Specific rocks, known as earth minerals, are processed into gemstones or semiprecious stones by cutting and polishing. Rare stones such as sapphires, diamonds and rubies are categorized as gemstones. The stones ranked below the gemstone category are referred to as semiprecious stones. Color intensity varies by locality of where the semiprecious stones are discovered.
Although semiprecious stones are ranked below the gemstone category, they also belong to specific classes of gems. The cutting and polishing process used to enhance the gems are the same.

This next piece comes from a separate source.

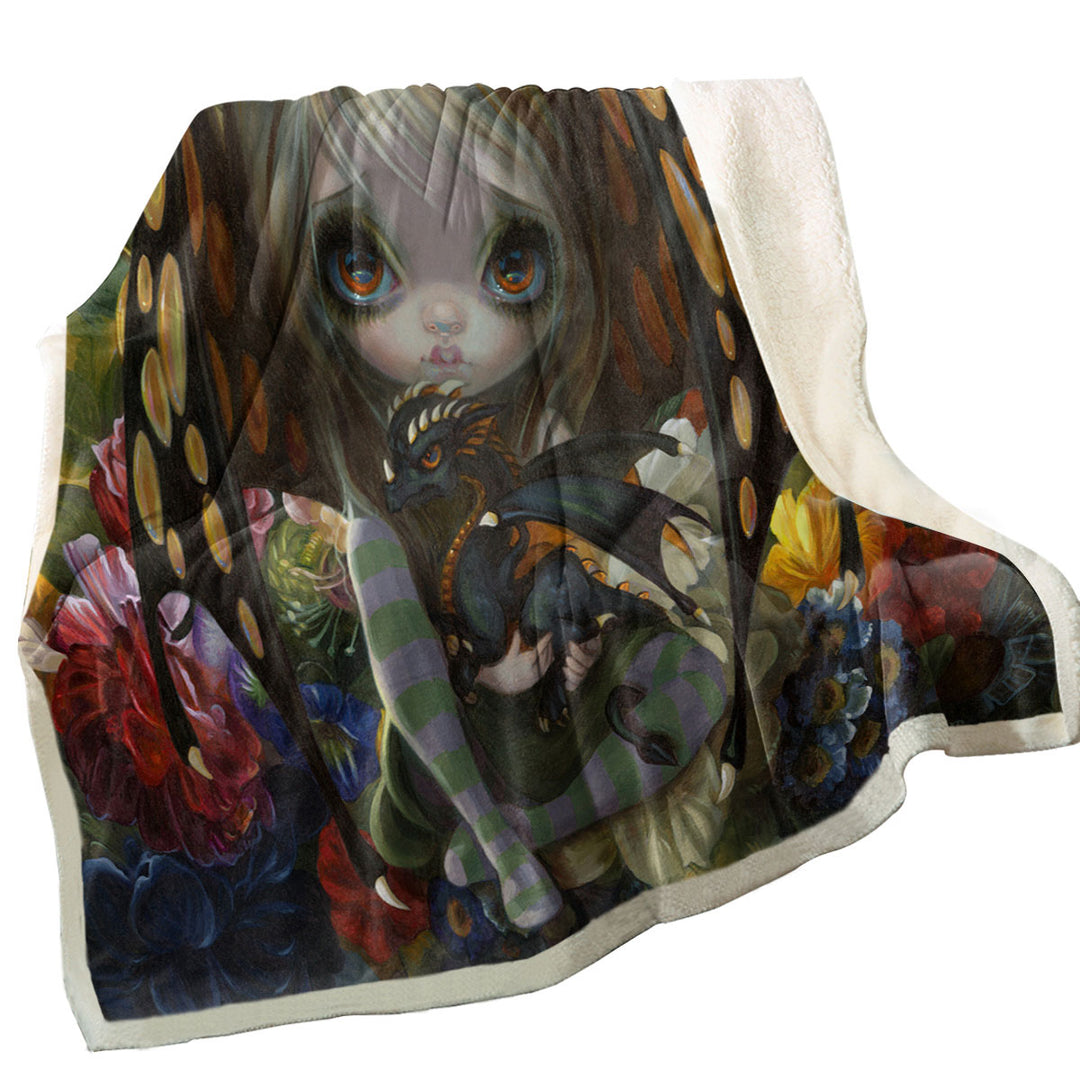 Cute Blankets Little Fairy and Flower Dragonling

However, if the commercial market does not consider the stones to be rare or fine, they are then categorized as semiprecious stones.
Garnet, amethyst, turquoise, lapis lazuli, moonstone and peridot are a few semiprecious stone categories. The less expensive semiprecious stones are then categorized and subdivided. These include malachite, chrysoprase, carnelian and agate. As the stones continue to be polished and cut, tumblestones are created. These are readily available at retail new age shops.
Once the semiprecious stones are polished, a specific luster appears. For example, jasper, turquoise and carnelian have a waxy luster surface. Serpentine and peridot have a greasy surface. Opal and dolomite have a pearly surface.
The locality of the rocks add to the intensity of the color. For example, turquoise, which can be sky blue, blue-green or greenish gray is found in parts of the world such as the United States, Australia, Chile, China and Mexico as well as France, England and Germany. The outdoor elements contribute to the color shades produced within the stones.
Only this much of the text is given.